Context and Objective
The Reserve Bank of India organised the First International Research Conference (FIRC) in February 2010 on the occasion of its Platinum Jubilee Year along with a series of other knowledge-sharing events. These initiatives were aimed at making the Reserve Bank a more responsive, relevant, professional and effective public institution. To continue the knowledge-sharing events, it was decided that the International Research Conference would be held once in two years. Therefore, this Conference is the second in the series of the International Research Conferences.
The theme of the Second International Research Conference is ‘Monetary Policy, Sovereign Debt and Financial Stability: The New Trilemma’. Post-crisis, the unprecedented monetary policy easing and fiscal stimulus has resulted in sovereign debts getting bloated but supported by low interest rate regimes that artificially boost risk appetite and blur the financial stability issues. As monetary and fiscal authorities have started exiting the stimulus, interest rates could rise, resurrecting the history of sovereign debt and financial stability troubles. Tightening of monetary policies can magnify sovereign and bank balance sheet risks. This one-and-a-half day Conference discusses the challenges/dilemmas faced by central banks while conducting monetary policy under such circumstances.
The current economic situation is much more complicated than managing crisis. Central banks across the globe are in a dilemma on whether to accept explicit price stability or macro-financial stability as an objective. The public authorities learned from the crisis that only a co-ordinated approach can abate crisis. The conduct of monetary policy in the globalised world is also being affected by external developments, which significantly condition the growth and inflation outlook of national economies, besides posing risks to financial stability through contagion. Policies conducted by any systemically important country could spill over to others, thereby affecting the effectiveness of national policies. Quantitative easing policy of the US, fiscal indiscipline of several European countries, and the undervalued exchange rate policy pursued by some countries have been the prime examples in the recent period. National policies face the challenge of, first, assessing the nature and magnitude of spillover impact, and second, conducting policies that could effectively influence the ultimate policy objective. With the given complexities of the situation, greater co-operation and harmonisation is the need of the hour at the international level to deal with any further domino effect of such events.

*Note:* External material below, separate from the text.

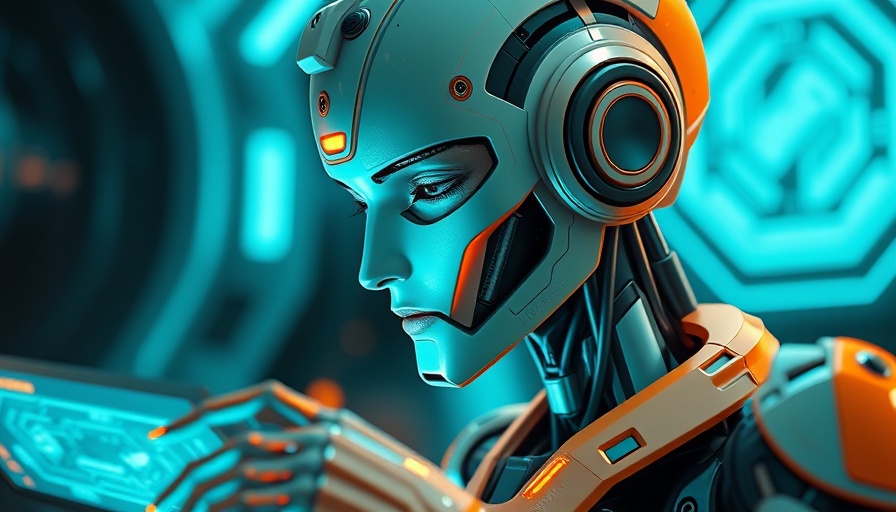 Futuristic humanoid robot using AI-powered solutions, digital interface, sci-fi setting.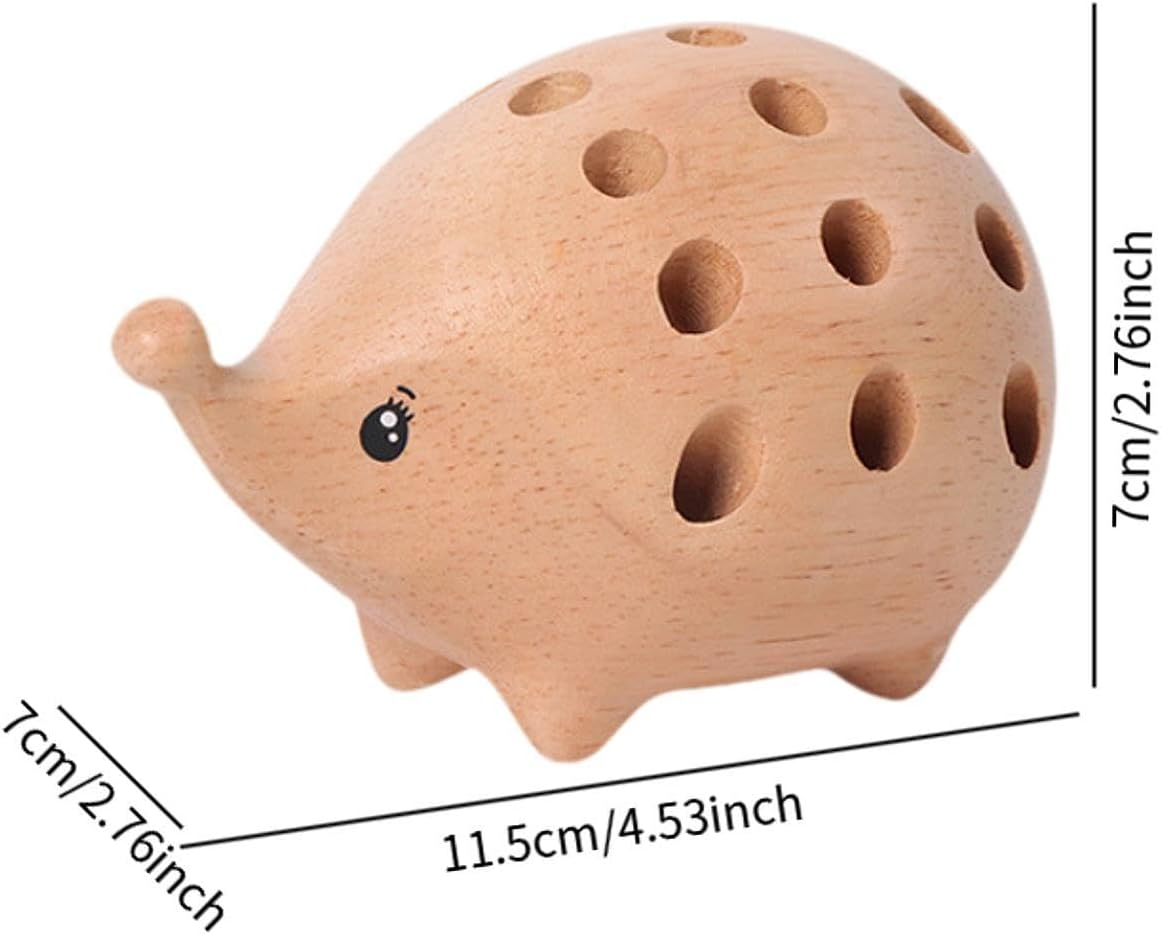 B Baosity Cute Hedgehog Pen Holder with Holes Desk Accessories with 24 Color Pencil Stationery Supplies for Cabinet Classroom Desktop image number 4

The Governors’ panel discussion during the Conference by veteran central bankers will address a set of issues that arises from these concerns, while also attempting to communicate on the issues relating to resolving the trilemma.
Lastly, there is a need to discuss whether it is possible for the central banks to be the sole authority to ensure price stability, overall economic growth and financial stability with multiple objectives and multiple instruments. Also, what would be the internationally acceptable financial architecture to prevent further crisis and what would be the exit strategy for the debt being created on account of the financial crisis.
Against this backdrop, the theme of the Conference, viz.,‘Monetary Policy, Sovereign Debt and Financial Stability: The New Trilemma’, is of contemporary relevance, which sketches a broad canvas of issues relevant to resolving the on-going crisis and redefining the role of global central banks. Also, especially from central banks’ perspective, the deliberations in this Conference would provide valuable inputs for policymaking.